Berbekal visi tersebut, korps yang memiliki semboyan Tan Hana Wighna Tan Sirna ini membentuk tim khusus untuk operasi. Dibetuklah tim penyergap beranggotakan 9 orang yang diberi nama tim Kejar atau tim Wali Songo guna mengejar kemana pun penyandera pergi.

Salah satu anggota tim Kejar bertugas sebagai pihak perusahaan yang mengoperasikan kapal. Tawar-menawar uang tebusan dilakukan lewat telepon yang telah disadap. Saat negosiasi berlangsung nomor yang dipakai penyandera terlacak masih berada di kawasan Perlak. Tim pun meminta penyandera tak mematikan handphone dengan alasan agar mudah dihubungi.

"Yang penting nomor yang kami lacak tidak dalam kondisi mati," terang Irawan.

Semula GAM meminta tebusan sekitar Rp 250 juta sampai Rp 500 juta untuk membebaskan sandera. Setelah lama bernegosiasi akhirnya disepakati perusahaan bakal memberikan tebusan Rp 60 juta dan ditransfer bertahap lewat bank. 

"Awalnya kami mau antar sendiri uangnya, tapi mereka tidak mau, takut ditipu. jadinya kami transfer Rp 20 juta dulu lewat bank di Lhoksumawe," tutur anggota tim Kejar, Koptu Totok.


Setelah sepakat, terdeteksi nomor penyandera telah berpindah ke Lhoksumawe tidak jauh dari bank.

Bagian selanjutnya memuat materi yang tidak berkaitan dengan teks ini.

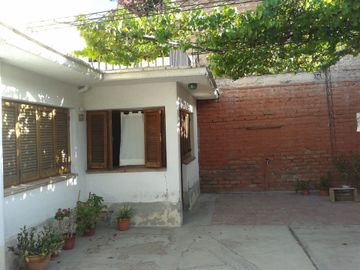Venta casa con Gran Salón a metros de Costanera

Anggota Kopaska pun menyamar menjadi teller dan nasabah bank. Tidak berapa lama, penyandera mengirim anggotanya yang diketahui bernama Syafrizal Sofyan untuk mengambil uang. Teller kemudian mengulur waktu pencairan uang dan ketika menunggu itu, keponakan pimpinan kelompok penyandera ini diringkus.

Setelah ditangkap, Syafrizal Sofyan diminta mengkonfirmasi pamannya Budiansyah alias Jepang jika uang tebusan telah diterima. Alhasil, di hari keempat operasi para sandera dibebaskan.

Namun, Jepang mulai curiga setelah keponakannya yang ditugaskan mengambil uang tak kunjung pulang. Lalu dia laporan kehilangan ke Kepolisan. 

"Dia bilang ada bantuan dari Jakarta untuk membangun jalan. Tapi yang bertugas mengambil uangnya hilang," terang Totok.

Tidak sengaja, tim Kejar bertemu Jepang di kedai kopi dekat Polres Perlak. Tetapi, mereka tidak mau gegabah karena daerah itu adalah kekuasaan GAM. Tim Kejar pun dengan sabar membuntuti kemana pun Jepang pergi. Saat Jepang berhenti di dekat lampu merah di Lhoksumawe, tim Kejar berhasil menangkapnya tanpa perlawanan.

Di samping keberhasilan operasi itu, penyergapan ini juga penuh kontroversi karena operasi di darat bukan tugas Kopaska. Namun, sekali lagi Kolonel Irawan menegaskan jika kejahatan itu merupakan kejahatan laut sehingga penyergapan adalah tugas Kopaska.

"Kami tidak perlu gubris pernyatan itu karena jelas ini kejahatan laut. Walaupun kami bagian dari Angkatan Laut tapi tidak mungkin kami sergap di laut," pungkas dia.